Let $\left(\Omega,\mathcal{F}\right)$ be some measurable space and let $P$ be a (probability) measure on $\Omega$. For another (probability) measure $Q$ such that $P>>Q$ the Kullback-Leibler divergence is defined as
$$ \operatorname{D_{KL}}(Q||P) = \int \ln \frac{dQ}{dP} dQ,$$
provided that this integral is well defined. Now if we denote the set of all $Q$ such that this expression exists and is finite by $M_P$, that is
$$M_P := \{Q \in \mathcal{M}(\Omega,\mathcal{F})| P>>Q, \operatorname{D_{KL}}(Q||P) < \infty \},$$
then what can we say about this set? Are there some known necessary and sufficient conditions on the measures?
According to this example it is e.g. not sufficient that there exists some measure $\mu$ that dominates both $P$ and $Q$.

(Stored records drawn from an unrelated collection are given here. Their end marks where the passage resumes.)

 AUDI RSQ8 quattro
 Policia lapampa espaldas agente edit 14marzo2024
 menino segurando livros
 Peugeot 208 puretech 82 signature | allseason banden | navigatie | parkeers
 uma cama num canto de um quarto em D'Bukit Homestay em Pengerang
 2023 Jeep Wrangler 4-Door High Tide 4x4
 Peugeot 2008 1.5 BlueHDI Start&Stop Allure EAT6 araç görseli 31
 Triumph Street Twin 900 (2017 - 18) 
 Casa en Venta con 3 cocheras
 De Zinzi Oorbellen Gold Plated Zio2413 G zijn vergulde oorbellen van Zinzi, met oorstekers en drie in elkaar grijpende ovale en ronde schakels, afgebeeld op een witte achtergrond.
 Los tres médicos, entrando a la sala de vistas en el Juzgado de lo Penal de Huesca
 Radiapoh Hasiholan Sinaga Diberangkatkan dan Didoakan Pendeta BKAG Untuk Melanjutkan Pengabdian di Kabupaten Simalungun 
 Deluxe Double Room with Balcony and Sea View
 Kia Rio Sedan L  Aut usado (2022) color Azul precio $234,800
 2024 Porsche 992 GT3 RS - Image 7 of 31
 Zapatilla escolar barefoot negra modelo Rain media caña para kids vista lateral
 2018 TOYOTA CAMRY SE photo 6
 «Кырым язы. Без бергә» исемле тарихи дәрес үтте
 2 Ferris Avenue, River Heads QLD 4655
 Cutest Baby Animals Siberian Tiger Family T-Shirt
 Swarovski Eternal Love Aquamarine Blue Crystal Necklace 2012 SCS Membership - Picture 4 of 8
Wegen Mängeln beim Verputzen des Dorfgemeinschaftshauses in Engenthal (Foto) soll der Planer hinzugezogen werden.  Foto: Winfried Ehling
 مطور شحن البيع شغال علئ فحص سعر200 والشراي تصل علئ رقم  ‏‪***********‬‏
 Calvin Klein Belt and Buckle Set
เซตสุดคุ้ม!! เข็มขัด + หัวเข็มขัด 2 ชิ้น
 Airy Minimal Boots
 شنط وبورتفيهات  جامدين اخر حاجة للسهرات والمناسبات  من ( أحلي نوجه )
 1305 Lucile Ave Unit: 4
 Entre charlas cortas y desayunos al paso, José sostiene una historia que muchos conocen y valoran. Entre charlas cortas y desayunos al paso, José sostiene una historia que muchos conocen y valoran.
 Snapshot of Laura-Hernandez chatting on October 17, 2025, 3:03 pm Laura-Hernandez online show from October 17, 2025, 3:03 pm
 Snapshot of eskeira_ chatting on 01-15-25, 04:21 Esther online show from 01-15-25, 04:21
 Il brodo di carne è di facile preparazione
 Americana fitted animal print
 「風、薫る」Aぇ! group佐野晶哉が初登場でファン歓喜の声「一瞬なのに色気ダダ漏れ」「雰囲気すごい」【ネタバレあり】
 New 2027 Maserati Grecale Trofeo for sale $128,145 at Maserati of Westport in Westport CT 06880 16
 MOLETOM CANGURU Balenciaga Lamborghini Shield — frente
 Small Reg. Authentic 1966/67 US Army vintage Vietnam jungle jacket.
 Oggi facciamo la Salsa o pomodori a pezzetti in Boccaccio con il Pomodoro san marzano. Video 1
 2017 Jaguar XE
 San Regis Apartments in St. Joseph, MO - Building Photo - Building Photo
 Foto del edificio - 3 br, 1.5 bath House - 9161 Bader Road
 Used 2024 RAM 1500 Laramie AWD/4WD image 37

Also, it would be interesting if we know something about the structure of $M_P$, for example, it should be convex: Since the function $x\ln \frac{x}{y}$ is convex in $x$, we would get $$Q,\hat{Q} \in M_P, \lambda \in [0,1] \implies \lambda Q + 1-\lambda \hat{Q} \in M_P.$$
Is there more we can say? Could it be a vector space (if we extend in a sensible way the definition to measures in general)?
The only thing that I found out so far is that it is not necessarily closed: One can consider measures $Q^n$ that converge in law to a point mass. Then of course the limit is not in $M_P$, but this comes more from the fact that it is not dominated anymore than from the actual quantity of interest here.